> **Data for review**:
.....

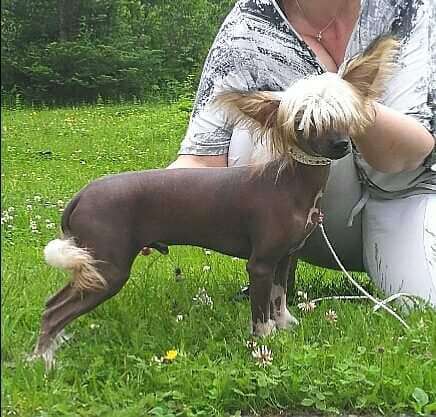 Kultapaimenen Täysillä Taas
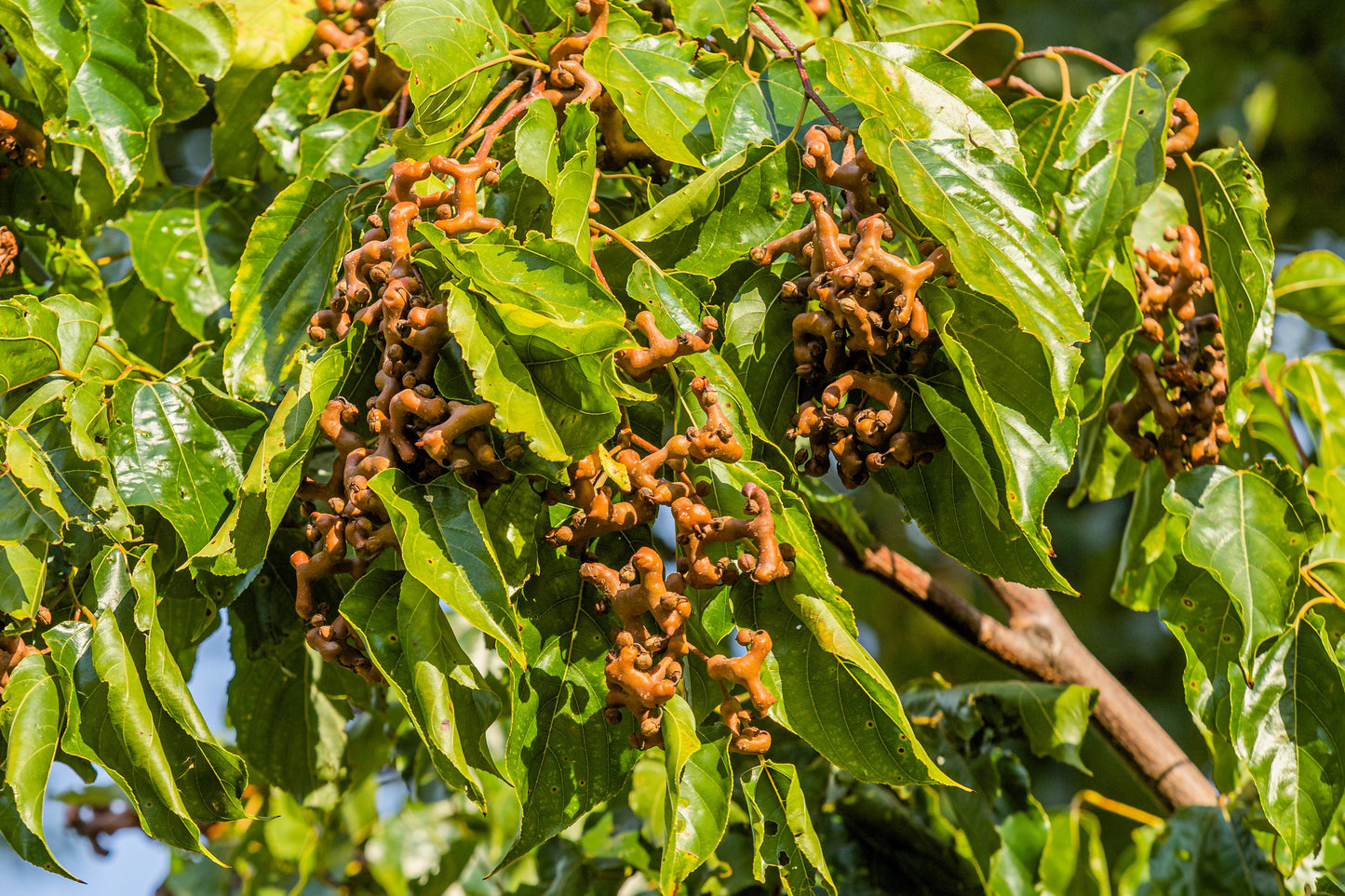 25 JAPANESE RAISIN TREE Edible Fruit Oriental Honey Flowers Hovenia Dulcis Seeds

.....

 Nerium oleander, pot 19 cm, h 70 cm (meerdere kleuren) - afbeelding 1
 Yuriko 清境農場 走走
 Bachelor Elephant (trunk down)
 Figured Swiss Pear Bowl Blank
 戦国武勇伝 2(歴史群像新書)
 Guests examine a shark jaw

.....

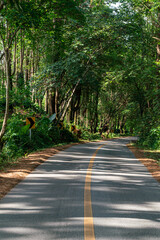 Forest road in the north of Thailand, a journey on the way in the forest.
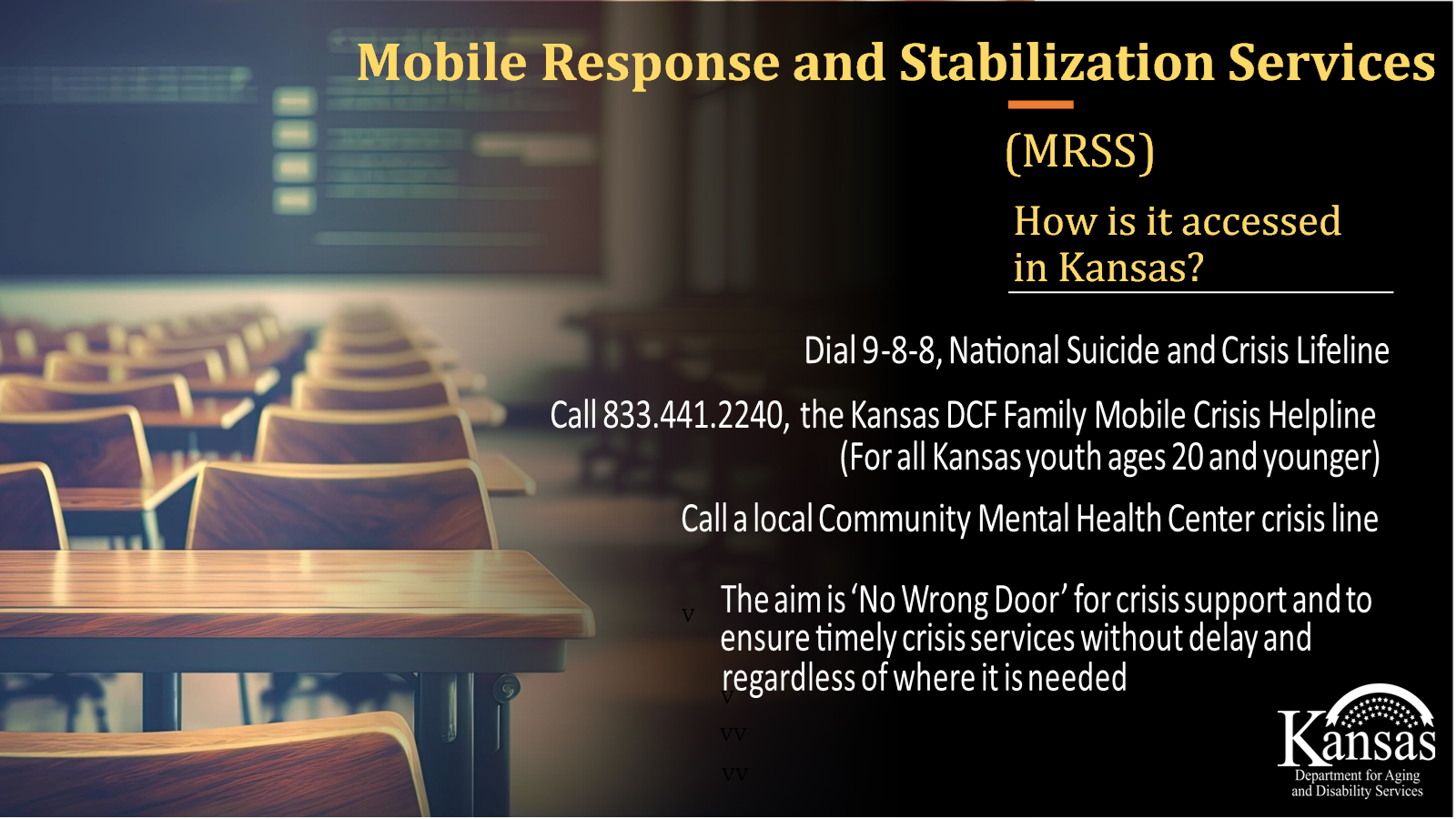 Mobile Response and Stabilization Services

.....

> **Instructions for the task**:
Going down the listing above, begin printing at the line with "Figured Swiss Pear Bowl Blank" and finish with the line with "Guests examine a shark jaw", exactly as they appear.

> **Problem solution**:
 Figured Swiss Pear Bowl Blank
 戦国武勇伝 2(歴史群像新書)
 Guests examine a shark jaw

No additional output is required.